ピエール・アレシンスキーは 前衛芸術グループCoBrA(コブラ)に参加したことで知られるベルギーのアーティストです。作品『Central Park (1965)』のように 中世の挿絵や民芸、漫画のレイアウトなどを混ぜ合わせた彼の作品は 神秘的な謎の絵文書のように解されています。
「絵を描く時、私はモンスターを解放するのです」
「それらはすべてのアーティストたちが経験する すべての疑問や探求、模索の現れであり
内容を選ぶのではなく、それに従うのです」
アレシンスキーは1927年ベルギーのブリュッセルに生まれ、国立建築視覚芸術大学で学んだ後 パリに移り住みました。カレル・アペルやアスガー・ヨルンらと共に、ジャン・デュビュッフェのアール・ブリュットの表現的態度を基本理念としたグループの設立に尽力しました。パリにて東洋の書道芸術に興味を持ち始めたアレシンスキーは、1955年に日本を訪れ「日本の書」という短編映画を制作、その後も日本の伝統的な書を取り入れた作品を制作しています。またこの頃には、16世紀のフランドルの巨匠ピーテル・ブリューゲルやヒエロニムス・ボスの作品にみられるような奇妙はイメージを参照するようにもなりました。1960年と1972年にはベルギー代表としてヴェネツィア・ビエンナーレに出品しました。そして2007年にはアレシンスキーは ベルギー王立美術館での回顧展の対象となりました。2016~2017年には日本・ベルギー国交関係樹立150年を記念した大規模な回顧展が東京と大阪で開催されました。
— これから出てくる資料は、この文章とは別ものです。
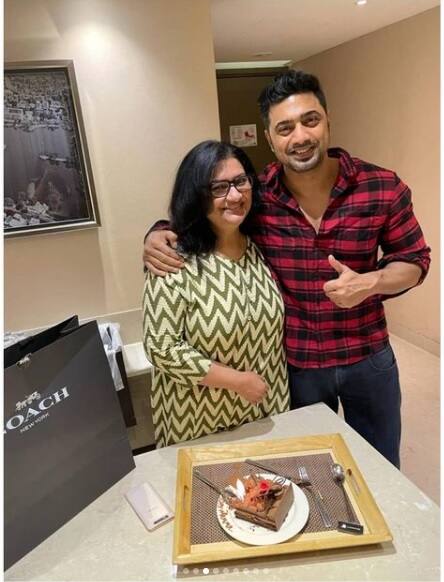 জন্মদিনেরর এই ছোট্ট পার্টিতে উপস্থিত ছিলেন রুক্মিণীর বিশেষ বন্ধু দেবও।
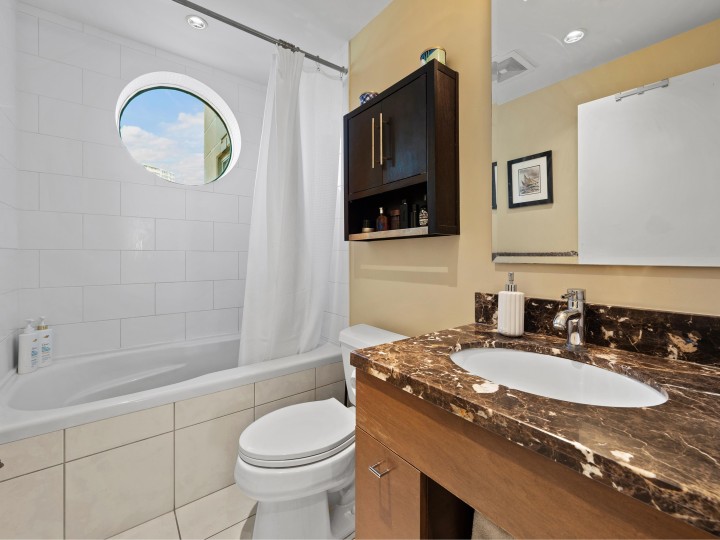 Photo 12 at 1206 - 1005 Beach Avenue, West End VW, Vancouver West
またアレシンスキーはベルギーからは初の高松宮殿下記念世界文化賞を受賞者となりました。
アレシンスキーは現在フランスのパリを拠点に活動しています。
彼の作品はロンドンのテート・ギャラリー、ケルンのルートヴィヒ美術館、ニューヨーク近代美術館、ブリュッセルのベルギー王立美術館などにコレクションされています。